Though the Palestinian historiography of 1948 has gradually broadened its field of investigation, it has kept to the nakba paradigm, which reduces the Palestinians to the status of passive victims of Israeli policies, as the limited attention accorded by researchers to the 1947-48 battles, and to resistance by the Palestinians and Arab volunteers, illustrates. Thus, the Deir Yassin massacre eclipsed the battle of Deir Yassin. This was presumably a consequence of the type of sources that were used, and a side effect of the promotion of massacres to the status of objects of historical research in the study of contemporary conflicts. However, there were some noteworthy exceptions. Early on, Walid Khalidi, who was studying the case of Haifa (Khalidi, 1959b), made a detailed analysis of the forms of resistance implemented by the city’s National Committee, which took charge of supervising the civilian population and organizing local defense, though it lacked military experience. He also published an English translation of all the communiqués broadcast by the National Committee of Haifa, among other Palestinian documents from the 1948 war (Khalidi, 1998).

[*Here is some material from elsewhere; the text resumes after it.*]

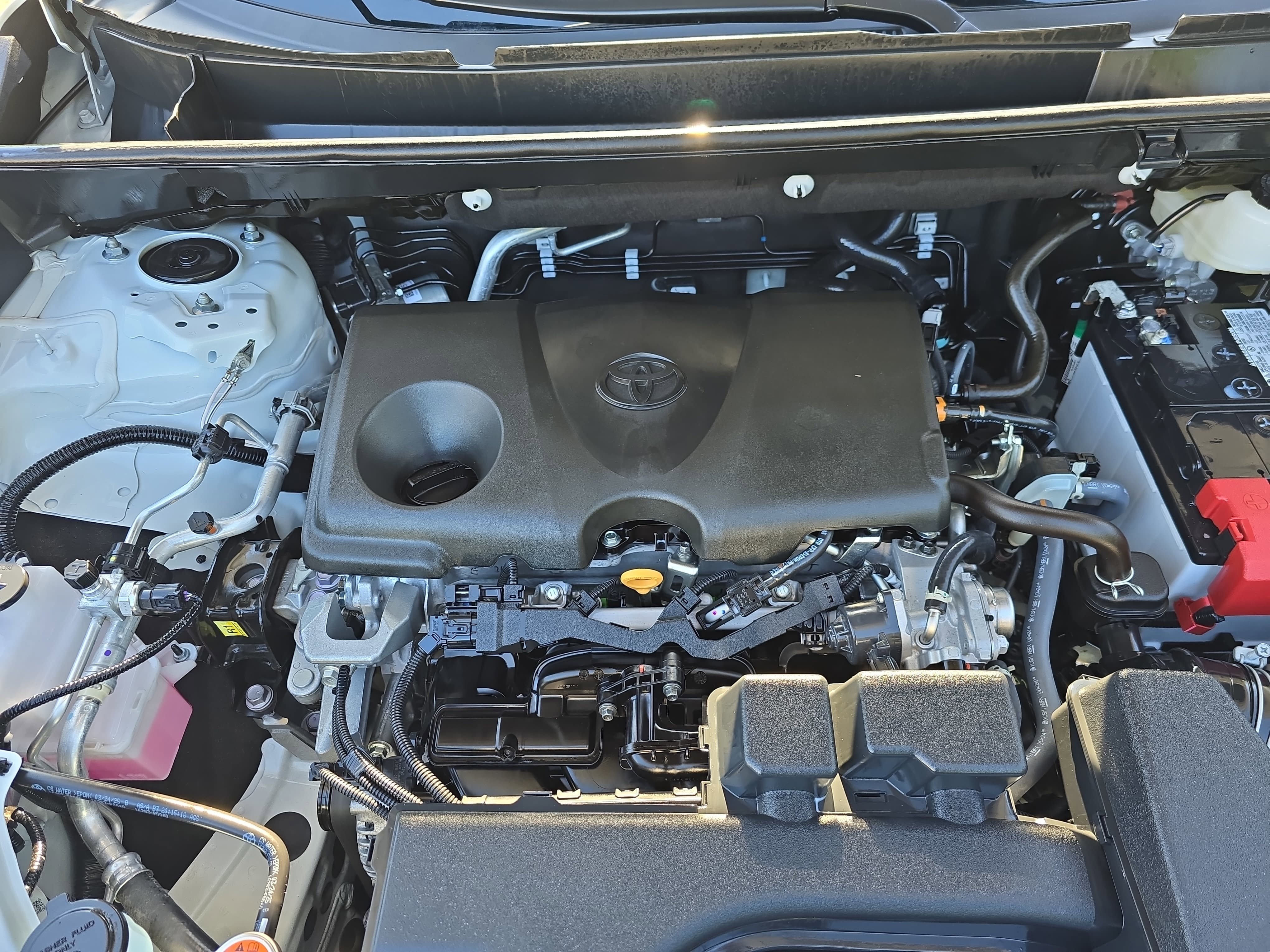 Used 2025 Toyota RAV4 XLE Premium FWD image 32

More recently, Mustafa ‘Abassi (‘Abassi, 2004) re-examined the exemplary case of Safad, a town included within the borders of the Jewish state but which had a mostly Arab population; it had greatly contributed to fueling the myth of the Jewish David facing an Arab Goliath in Israeli historiography, and fed into the Jewish dread of destruction. ‘Abassi analyzed the forms of Arab resistance there and its limitations, as it was paralyzed by divisions in the city’s National Committee, internal disputes within the Arab Liberation Army, and the acute lack of ammunition four days before the town was taken by the Haganah.
There remains one other central issue that has not been explored satisfactorily to this day: the role of the British during the first phase of the war. In Haifa, evidence of collusion between local British commander Major-General Stockwell and the Haganah was conclusive: the British retreat ahead of schedule was first announced to the Zionist units who were able to take control of strategic locations on the hills overlooking the Arab neighborhoods, and subsequently to the Arab notables (Khalidi, 1959b). Elsewhere, in Jaffa or Safad for example, the British rather seemed to act as mediators; in any case, they proved incapable of safeguarding the civilian populations until their retreat.
Therefore, many issues remain to be examined before one can claim to put forward a global understanding of the 1948 events in Palestine. However, we cannot conclude this review of Arab and Palestinian historiography without observing that Palestinian historians have also endeavored to situate the 1948 defeat in a long-term historical framework, and to search for the underlying historical causes of this failure that was political before it was military. As early as 1984, Elias Sanbar (Sanbar, 1984) suggested replacing the question, “Why did the Palestinians leave in 1948?” with another: “Why the Palestinians lose the war?” – a war he considered had been lost as of 1939, when the 1936-39 revolt, called “war of independence,” failed and the first national movement was suppressed. Other historians analyzed the structural weakness of Palestinian society under the British Mandate, its level of institutional development that was much lower than that of the Jewish community (al-Hout, 1981), the factionalism of its elites (Khalaf, 1981), or missed political opportunities (Khalidi, 2001). But strictly speaking, this type of study is broader in scope than the historiography of 1948.